'Our Favourite Works' - Chosen by the team at Hunters LAW LLP
Hunters Law LLP, sponsors of London Art Week, shares its clients' passion for art, so we asked members of the team to select their own favourite works on offer at LAW Digital this summer. These are the results...
Gregor Kleinknecht, Partner at Hunters:
"Famous in his day, but now rather under-appreciated, Nehrlich perfectly captures the light and ambience of Venice with fine attention to detail. On the verge of the steam age, he captures the romantic "classic" Venice."
Hetty Gleave, Partner at Hunters:
"I know nothing of Laureano Barrau other than he is a Spanish Impressionist painter but I just love the way he has captured the light and movement of the child. It conveys the innocence of the moment perfectly and the quizzical look on the girl's face as if she is wondering why she is being painted, like he is stealing her moment. You get the impression of that the next movement of the swing would have produced not just an entirely different image, but a different picture."
She also chose:
"I have always been an admirer of Bomberg - one of the Whitechapel bad boys of art whose frustration and passion is almost palpable in his work. The strong brush strokes and striking colours are a perfect example of this and I would love to own one of his works."

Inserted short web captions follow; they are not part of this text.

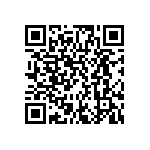 CTVPS00RF-15-19JB-LC QRCode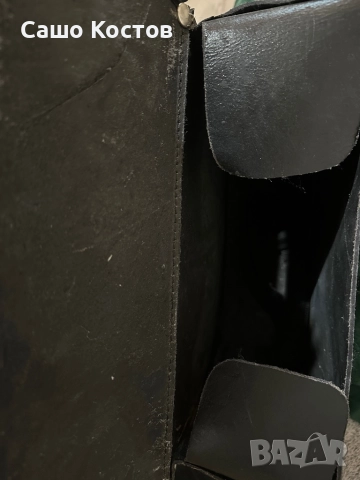 Кожени дисаги за мотор, снимка 4 - Аксесоари и консумативи - 51534152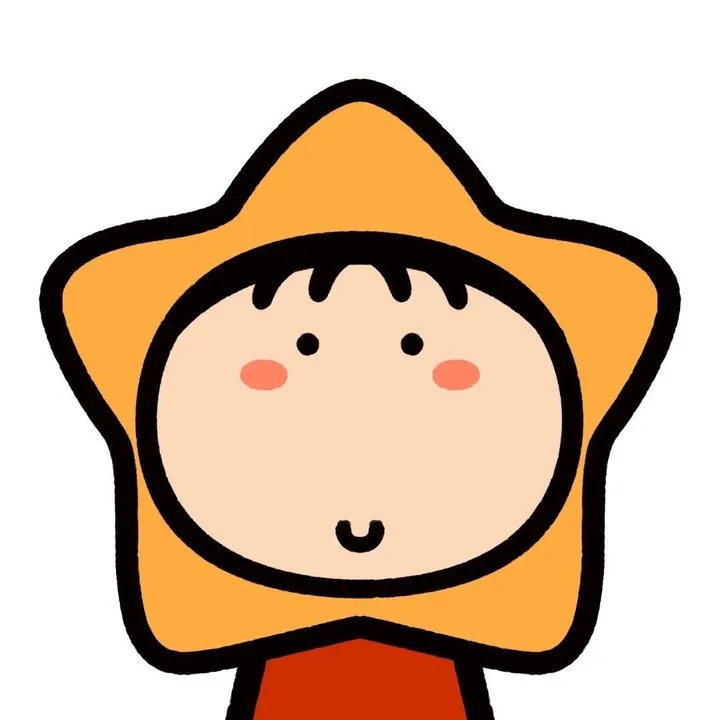 micha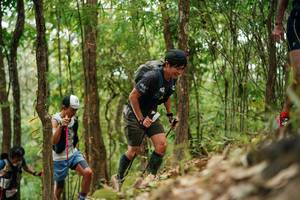 BIB: 
                            <button type="button" onclick="openModal(26819607)" class="btn btn-primary btn-sm float-right btn-popup" data-toggle="modal" data-target=".modal-high-quality">
                        <i class="fas fa-shopping-cart"></i> Add to Cart
                    </button>
                                            <button type="button" onclick="isThisMe(26819607, true)" class="btn btn-success btn-sm float-right btn-popup btn-isme hidden" data-toggle="tooltip" data-placement="bottom" title="นี่คือรูปของคุณใช่ไหม คลิกที่นี่เพื่อเอาเข้าอัลบั้ม">
                        <i class="fas fa-plus"></i> Add to album
                    </button>
                    <button type="button" onclick="isThisMe(26819607, false)" class="btn btn-warning btn-sm float-right btn-popup btn-isnotme hidden">
                        <i class="fas fa-ban"></i> Remove from album
                    </button>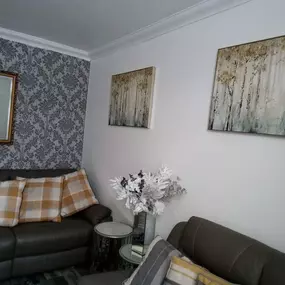 Bild von CM Integrated House Masters Decorator Ltd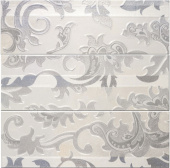 Плитка 7513 GRIS DIVINE III COMPOSICION ПАННО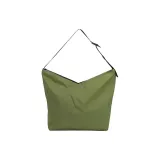 Темно-зеленый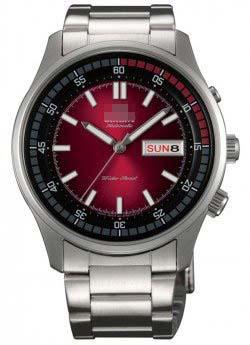 Custom Made Watch Dial EM7E005H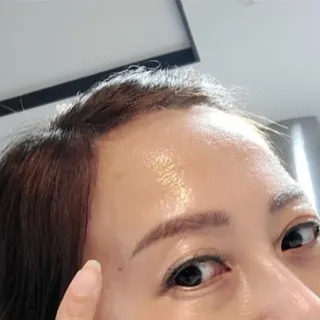 백설공주님이 올린 리뷰 사진 4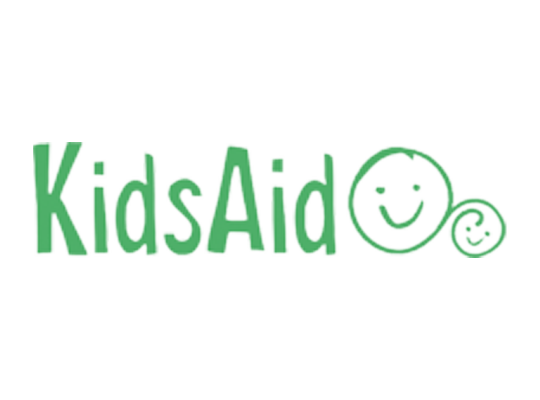 KidsAid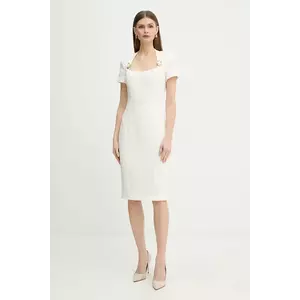 Marciano by Guess rochie ZAIRA imagine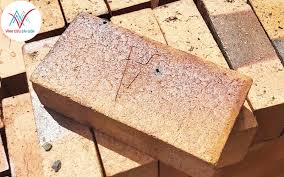 BÁO GIÁ GẠCH XÂY KHÔNG TÔ GIÁ RẺ TỐT NHẤT 2025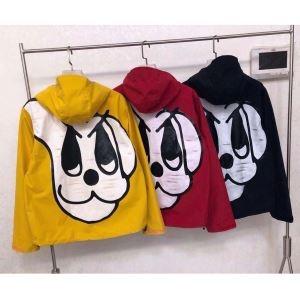 簡単に秋冬の季節感をアップ 3色可選 パーカー 秋らしい装いにもぴったり シュプリーム SUPREME 寒い冬にぜひ取り入れたい_SUPREME シュプリーム_ブランド コピー 激安(日本最大級)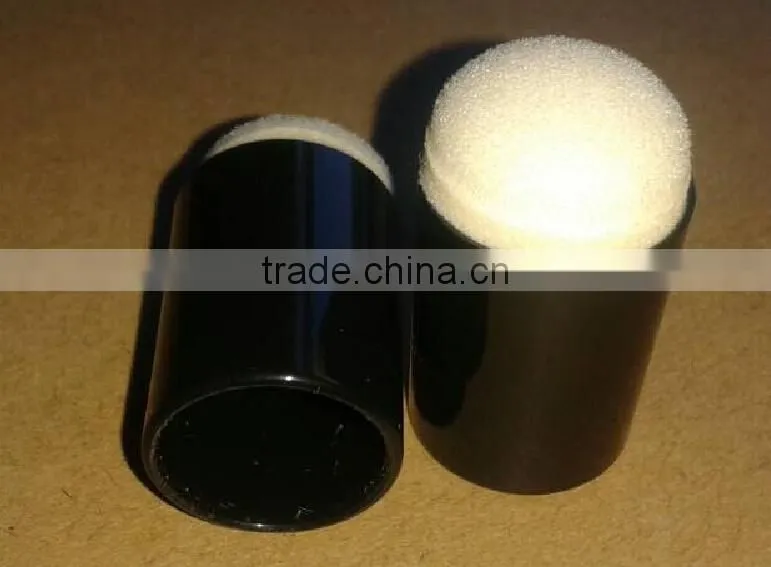Factory direct sponge dauber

Petra Warrington, Senior Associate at Hunters:
"I'm feeling strangely nostalgic about the Tube given that I have not set foot on it for over four months. In different times, I would love to be zipping towards Central London and popping in and out of London Art Week galleries. This is such a striking image and particularly resonates today given the eery emptiness of Tube stations and London generally. I would be thrilled to have it on my wall any and every day though."
Rebecca Christie, Associate at Hunters:
"I have spent lockdown in the Suffolk countryside, betwixt The Pound, Benton End, and the site in Dedham where Cedric Morris originally ran the East Anglian School of Painting and Drawing. I have always enjoyed hearing the story of how the school finally came to be at Benton End. There was a fire at the Dedham school which was allegedly started by Lucian Freud's cigarette and according to Joan Warburton whilst the students were painting the blackened ruins, Alfred Munnings (who also lived in Dedham on Castle Hill) drove past crying 'Down with modern art'. What a superb anecdote!"